The rewards of small cap investing

The experience of Macmahon Holdings (ASX:MAH) shareholders in recent years shows the rewards - and potential pitfalls - of investing in small caps. 

Are you interested to investing in small caps?

There are a number of reasons why they can yield higher returns: smaller companies can grow more quickly than their larger peers and are also more easily acquired. With market caps less than $1bn, it's often not worthwhile for fund managers managing billions of dollars to analyse them, meaning they're less well researched, while insiders often have more meaningful stakes in them compared to larger companies.

Yet these higher returns also come with higher risk. Smaller companies are often more at the mercy of suppliers, customers and competitors. And perhaps selling only one product or service and with business models that often haven't yet been tested in economic downturns, good management is even more critical than with larger companies.

Macmahon

One company that has displayed many of these attributes in recent years is Macmahon Holdings (ASX:MAH).

We first upgraded Macmahon to Speculative Buy at $0.11 two years ago. (For our current view on Macmahon, click here). Its $140m market capitalisation then and low liquidity meant that it was being ignored by most analysts.

Operating in mining services, it isn't a great business: mining service companies consume capital as they expand, often financing new machinery and equipment using debt, their contracts with miners can be cancelled at any time, and there's always the risk that competition forces them to deliberately underquote to successfully gain new contracts.

Despite the value on offer – Macmahon was selling at one-third tangible book value – these risks meant we recommended a maximum portfolio weighting of 1% as part of a portfolio of similar stocks.  

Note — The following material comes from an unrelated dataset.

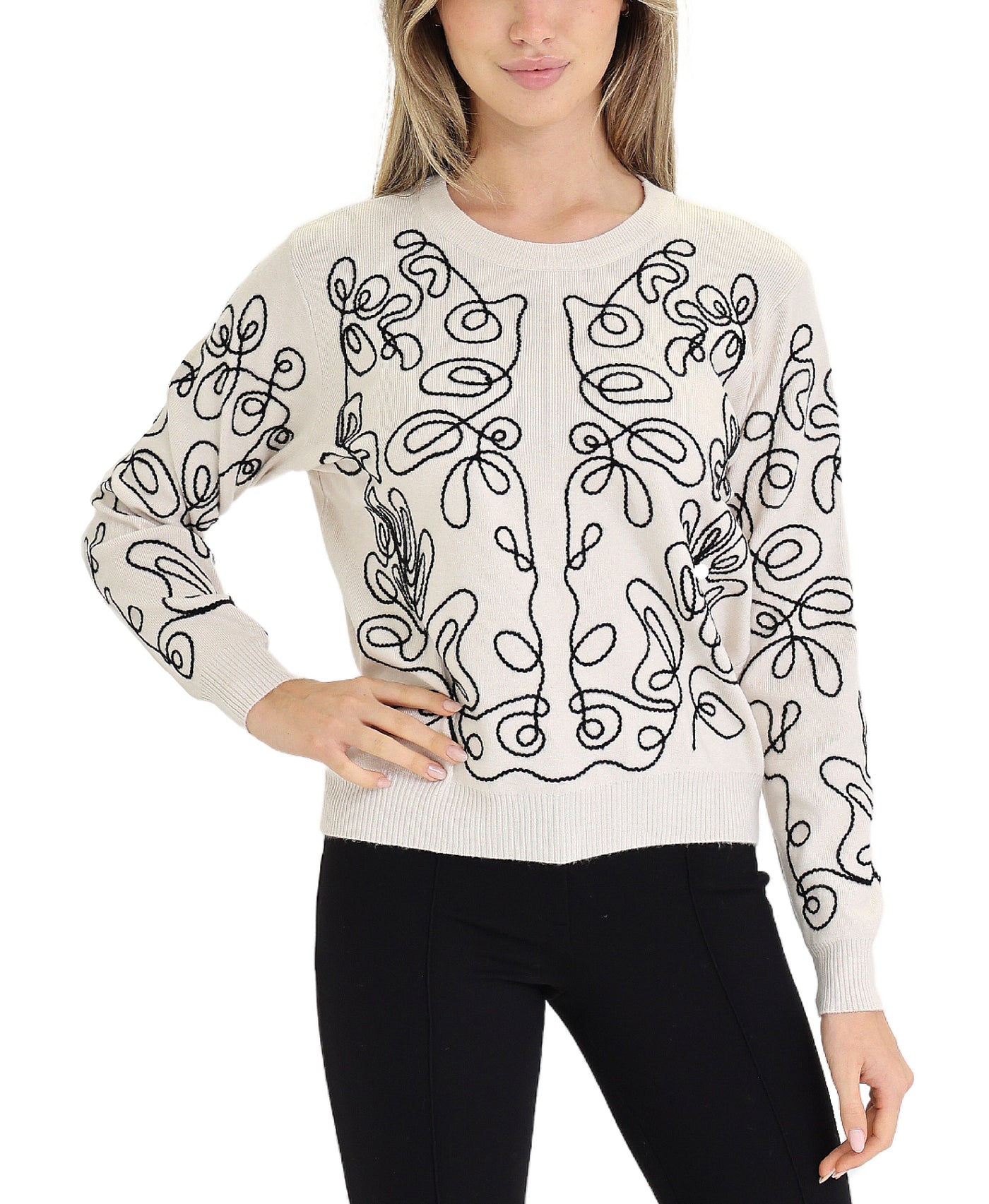 Embroidered Sweater view 1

The 1% weighting is lower than we'd usually recommend for small caps but, generally speaking, we'd suggest the maximum investment in a small cap should be less than larger, more stable companies with proven business models and management such as a Wesfarmers (ASX:WES) or Commonwealth Bank (ASX:CBA).

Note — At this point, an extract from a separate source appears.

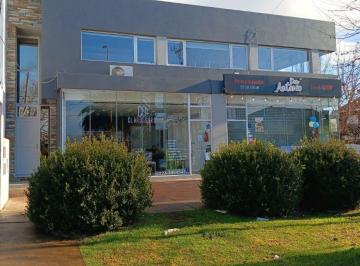 Local comercial de 1 ambiente, Mar del Plata · Venta de Local Comercial Sobre Av Tejedor Mdq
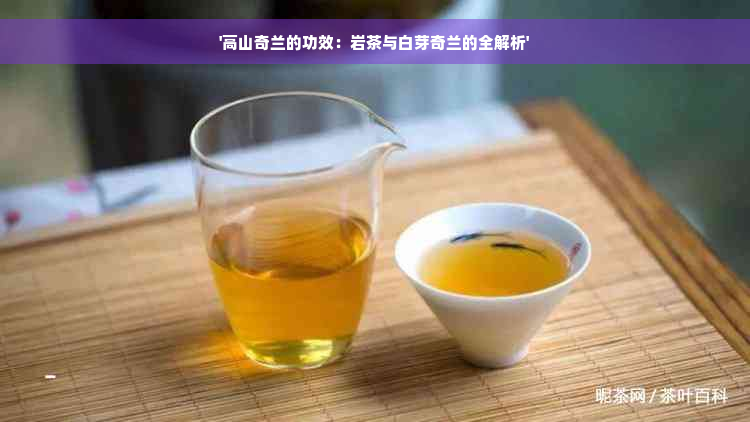 '高山奇兰的功效：岩茶与白芽奇兰的全解析'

Like any company, we also suggest investing in stages to take advantage of any further price falls.

And boy, did Macmahon's share price fall, going below 4 cents after Fortescue (ASX:FMG) abruptly cancelled its Christmas Creek contract and Macmahon had to rely on its bankers' generosity for its continued survival.

Turnaround

However, the company has since staged a remarkable turnaround.

It sold its business in Mongolia, subsequently repaid its debt and started buying back stock with its substantial net cash balance. If its high debt load had previously turned you off, this was a good time to invest, with the company selling on an EV/EBIT multiple of 3 up until recently.

Macmahon has contracts locked in – or as locked in as one could expect in the mining services industry – for the next four to five years, over $50m in net cash, surplus assets on the balance sheet and is also well placed to score more contracts as miners loosen their purse strings after the mining bust.

Takeover offer

Seeing this value, earlier this week 20% shareholder CIMIC (ASX:CIM, formerly Leighton Holdings) launched a takeover at 14.5 cents. Even with the 30% premium to its previous trading price, CIMIC is getting a bargain, paying well below Macmahon's tangible book value per share of 17 cents.

With CIMIC already owning 22% of Macmahon, however, it's difficult but not impossible for a counterbid to emerge. There are a number of substantial shareholders that, combined, could prevent CIMIC from getting to 90% and compulsorily acquiring the remainder so small shareholders will have to wait and see how they proceed.

Even so, the Macmahon example illustrates the rewards – as well as the potential pitfalls – of investing in small caps. 

UPDATE: you can view the recording of an Analyst Q&A on investing in small caps here

Note: the author owns shares in Macmahon and intends to hold them while he awaits developments.